Gallacher continued to play well for Scotland. He scored a hat-trick playing for his country against Northern Ireland on 27 February 1926. He was also a member of the Scotland side that thrashed England 5-1 at Wembley on 31st March 1928. The following year he scored all four goals in Scotland's 4-2 victory over Northern Ireland.
Gallacher was also often in dispute with the management of Newcastle United. He was often in trouble with referees and after one incident was suspended for two months. Gallacher was a heavy drinker and became involved with the 17-year-old daughter of a pub landlord. He ended up in court after hitting the woman's brother, who objected to her seeing a married man.
Gallacher eventually divorced his first wife and married the younger woman. However, the divorce cost him £4,000 and this left him in financial difficulties.

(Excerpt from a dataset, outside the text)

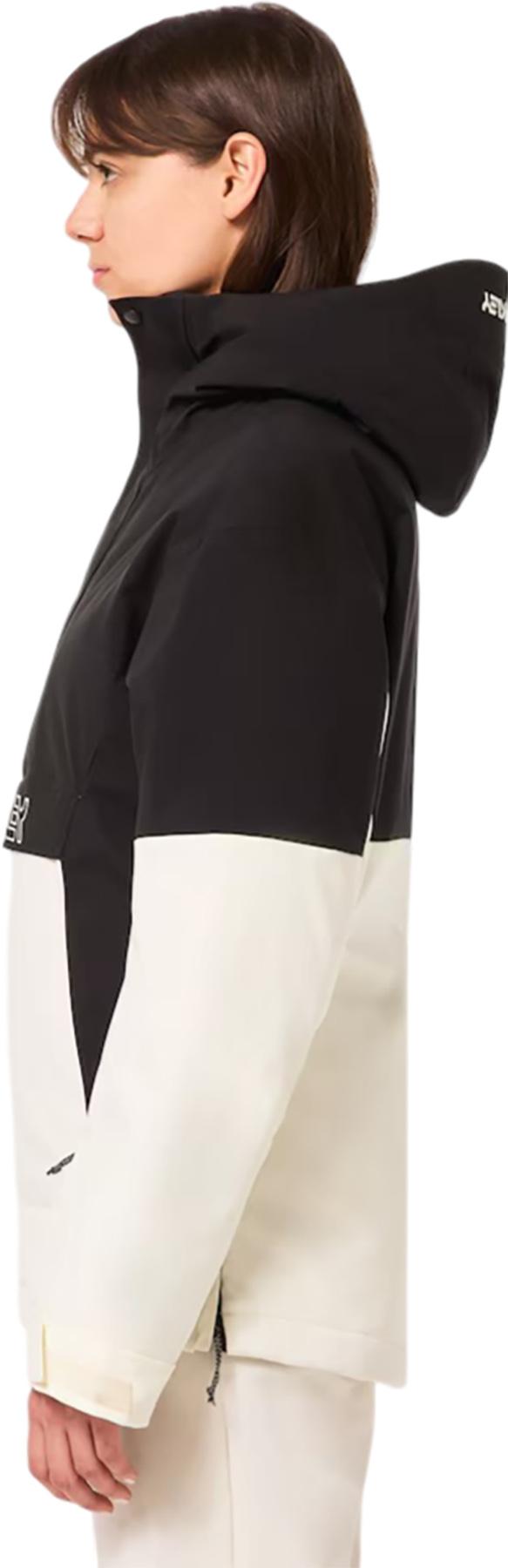 Product gallery image number 8 for product TNP TBT Insulated Anorak - Women's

To solve the problem he persuaded Newcastle United to sell him to Chelsea for a club record fee of £10,000 in May 1930. During his time at Newcastle he scored 133 goals in 160 league appearances.

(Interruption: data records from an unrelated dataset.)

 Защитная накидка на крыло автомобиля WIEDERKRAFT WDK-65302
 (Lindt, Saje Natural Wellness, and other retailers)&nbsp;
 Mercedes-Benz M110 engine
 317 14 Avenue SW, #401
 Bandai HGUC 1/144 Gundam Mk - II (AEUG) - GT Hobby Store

The Newcastle fans were furious with this decision and when Chelsea visited St James' Park for a First Division league game in September 1930, a record crowd of 68,386 (with another 10,000 locked outside) turned up to welcome back their hero. Gallacher was unable to score and his former club won 1-0.
Gallacher continued to have problems with alcohol and in one game he was accused of being drunk and disorderly on the pitch. He defended himself by claiming that he was using whisky and water as a mouthwash.
Gallacher was unable to bring league or cup success to Chelsea and after scoring 72 goals in 132 league games was sold to Derby County in November 1934 for £3,000. Now in his 30s, Gallacher was considered past his best but he still managed to score 38 goals in 51 league games.
In September 1936, Gallacher was sold to Third Division side Notts County. He scored an impressive 32 goals in 45 games and helped his club finish in second place in the league. Gallacher also played for Grimsby Town (3 in 12) and Gateshead (18 in 34). During his career he scored 463 goals in 624 senior matches.
Gallacher continued to have problems with alcohol and on 12th June 1957 he was due to appear in Gateshead magistrate's court on charges alleging assault and maltreatment of his 14-year-old daughter. He did not appear in court as the previous day he stepped in front of the York-Edinburgh express and was decapitated.